Real pay growth to stagnate in 2017 and 2018

07 August 2017 Consultancy.uk

UK private sector workers are again set to see wages mired in stagnation, according to a new report. While real wage growth is relatively high, at 2.9% over the coming two years, a high headline inflation rate of 2.8% over the same years will see real wage growth stuck near 0% in real terms, creating new economic uncertainties as consumer spending is expected to drop.

Since the financial crisis, real wage gains for workers across much of Europe have been relatively insubstantial – in many cases, keeping up with inflation. Latest data from recruitment specialist Willis Towers Watson, titled 'Salary Budget Planning Report', explores wage growth throughout Europe, including the latest UK specific figures.

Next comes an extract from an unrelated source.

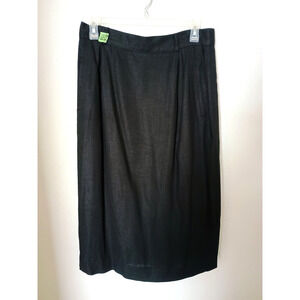 Vintage Classic Talbots Black Linen Blend Lined Midi Straight Skirt Pockets 14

Wage growth in the UK has stalled in recent years, thanks in no small part to governmental austerity, according to a recent UCL report. The cap on public sector pay in particular has been a continued area of contention, where many workers has seen their real wages decrease significantly in real terms; teachers for instance, saw a decrease of £3 an hour and police officers by £2, while the government recently voted down an opposition bill tabled by the Labour Party to end the public sector pay-cap in light of the work done by firemen and the police in a succession of summer tragedies. Private sector workers too have seen a significant drop in real term wages in recent years, with an LSE study estimating an effective 10% decrease since the financial crisis to 2015.

The latest study does not bode well for wage growth for UK workers over the coming two years – particularly in light of inflationary pressures from, among others, a lower pound. Private sector employers are set to raise wages by around 2.9% this years, the highest increase in a number of years, however, the rate of inflation is set to hit 2.8% this year – reflecting a meagre 0.1% real wage increase for workers – on average. The research project a similar trend in 2018, with wage increases also at 2.9% and inflation, again, running at around 2.8%.

Real pay growth to stagnate in 2017 and 2018

Commenting on the figures for the UK, Keith Coull, Senior Consultant in Data Services at Willis Towers Watson, said, “The UK jobs market has otherwise been robust with record employment rates and the lowest unemployment since 1975. But coming so soon after the post-crisis pay squeeze, this latest freeze on wages, driven by an inflation rate accelerating sharply since 2016 and showing no sign of slowing down, suggests the pressure on pay and living standards is likely to intensify in the coming months.”

European figures

The result is considerably below that of the rest of Europe, where on average, real wage growth is projected to hit 1% this year. Ireland will see the highest level of real wage growth, up 1.9%, while France and Germany see increases of 1.1% and 1.2% respectively. Dutch private sector employees will see their wages up by 1% in real terms.

“In the European labour market, real terms wages are still growing in 2017, but rising inflation means those real wage increases are less generous overall than in 2016. For example, 82% of countries in the EU28 will get pay increases this year above or roughly in line with the prior year increase. However, when taking rising inflation into account, there are no countries with real wage increases above or in line with prior year increases. The average EU28 real terms pay increase is now 0.9%, which has dropped from 2.6% in 2016.

UK employers, among others, meanwhile, have also begun to offset risks to individuals through the so called ‘gig economy’, which, when combined with employers leveraging zero hour contracts, have seen the number of workers living in uncertainty rise to more than 3 million in the UK. Household borrowing, continues to rise as lenders offer increasingly low rates – with the Bank of England recently warning of a “spiral of complacency” about increased consumer debt loads and low wage growth.